According to a survey, most Americans doubt that their personal data is safe online. They also don’t trust the federal government’s efforts in protecting it.

The poll by The Associated Press–NORC Center for Public Affairs Research, and MeriTalk found that 64% of Americans think their social media activities are not very secure or not at all. A similar number have security concerns about online information that reveals their physical location. Half of Americans think their private text messages lack security.

They aren’t just concerned. They demand that something be done. Nearly three quarters of Americans support the establishment of national standards for how companies collect, process, and share personal information.

Jennifer Benz, deputy director at the AP-NORC Center, stated that “What I find surprising is that there is a lot of support for increased government action to protect data Privacy.” It has bipartisan support.

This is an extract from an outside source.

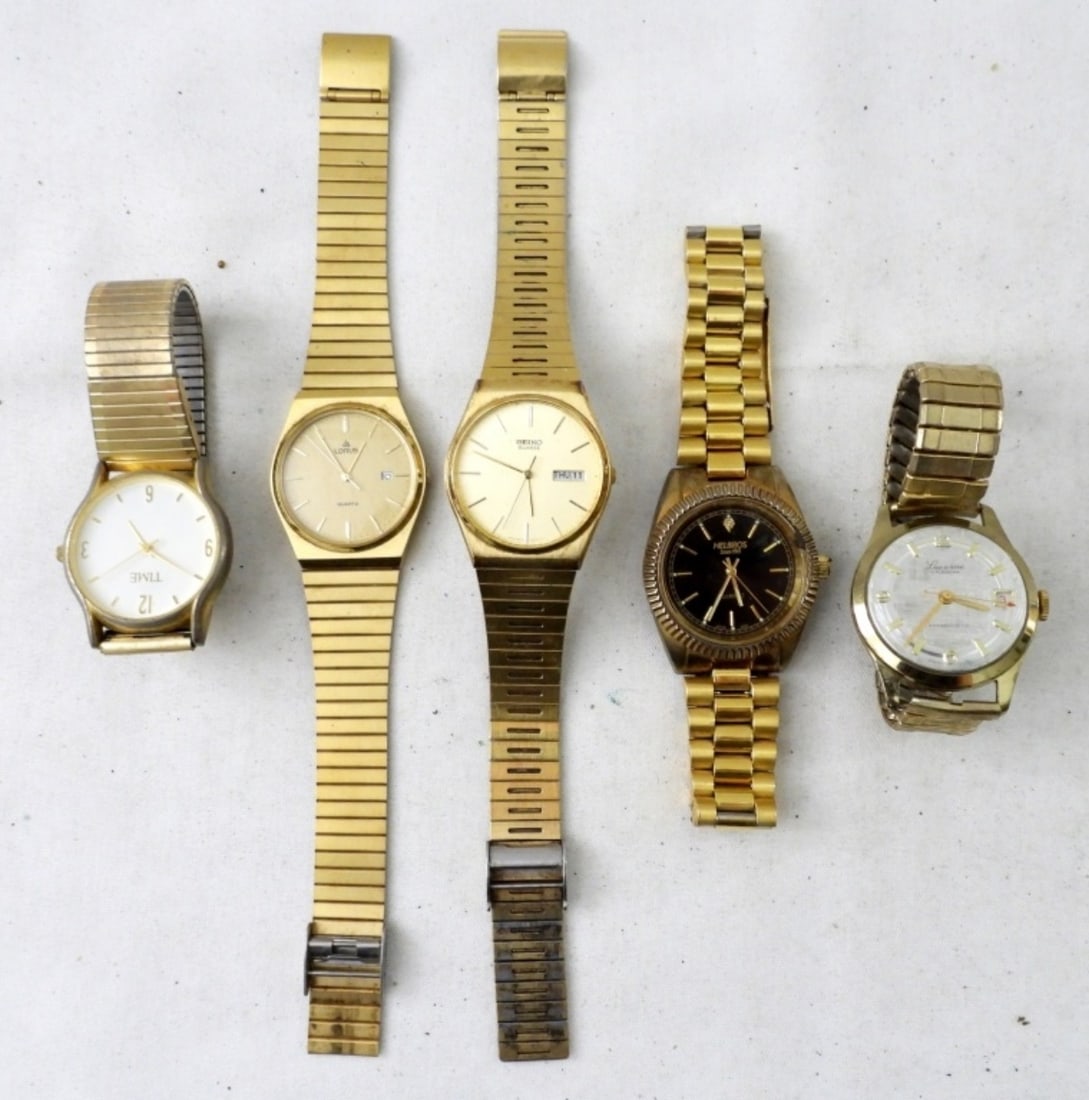 (5) MENS GOLD TONE WATCHES: (5) MENS GOLD TONE WATCHES.SEIKO, TIMEX & MORE .(2) STRETCHY BANDS , (3) CLASP BANDS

However, after years of stagnant efforts to make stricter data privacy laws that would hold large companies responsible for all personal data they share, the poll shows that Americans have little faith in the government to make it right.

56% of the population believes that the private sector can handle security and privacy improvement betters, in spite of years of well-publicized privacy scandals at U.S. companies, from Equifax to Target, which exposed millions of personal data of individuals around the globe.

Apple and other companies have been vocal in their commitment to protecting consumer privacy.

Sarah Blick, an Ohio professor of medieval art history at Kenyon College, stated that she feels there is very little or no security. Blick was informed by the college’s human resource department earlier this year that someone had fraudulently applied to her for unemployment insurance benefits.

This fraud has risen since then. The perpetrators purchase stolen personal identifier information from the dark web and use it for fraudulent claims to flood state unemployment system with bogus claims.

Blick stated that he believes his information was stolen during a hack of one of the credit bureaus. However, it could also have been when Target was hacked.

A majority of Americans believe that data privacy of individuals should be considered a national security concern. This is supported by both Democrats and Republicans. Only 23% of Americans are satisfied with the federal government’s efforts to protect Americans’ privacy online.

Terri Carver, a Republican from Colorado, said that “this is not a political issue.” She cosponsored the consumer data privacy bill that was signed into law by Democratic Governor. Jared Polis, July. It will take effect in 2023.

Facebook and other companies opposed the legislation. This follows similar California and Virginia measures that allow people to access and erase personal information. The Colorado law allows people to opt-out of having their data sold, profiled or tracked.

Carver stated that “that was definitely one of the pieces we received the strongest pushback, but we felt it so important.” Individuals are frustrated that they don’t have the tools or the legal support to effectively control their personal data.

Carver stated that it took many years to pass the law and advocates had to give up some priorities such as allowing people to opt in to their data processing, rather than making them opt out. She hopes that the Colorado and other states’ efforts will push Congress to establish nationwide protections.

She stated that “we need a strong federal privacy bill.” It would make sense given interstate commerce.

A broad consensus was also reached about how Americans view technology. 81% of Democrats and 78% respectively said that technology plays a significant role in America’s ability compete internationally. 79% of Democrats and 56% respectively see value in government technology investments.

Minimum 6 out of 10 Americans support the federal government’s efforts to spend more on technology, expand access to broadband internet, and strengthen copyright protections in order to increase U.S. competability.

While there are differences in generational support for government policies that protect data privacy and security to ensure its security, the majority of older adults are supportive. While cybercriminals are supported by 85% of those over 40, only 70% of those younger agree.

Benz stated that “the underlying current is this is an area in which people see a direct part in government.” “This is something very tangible for people.”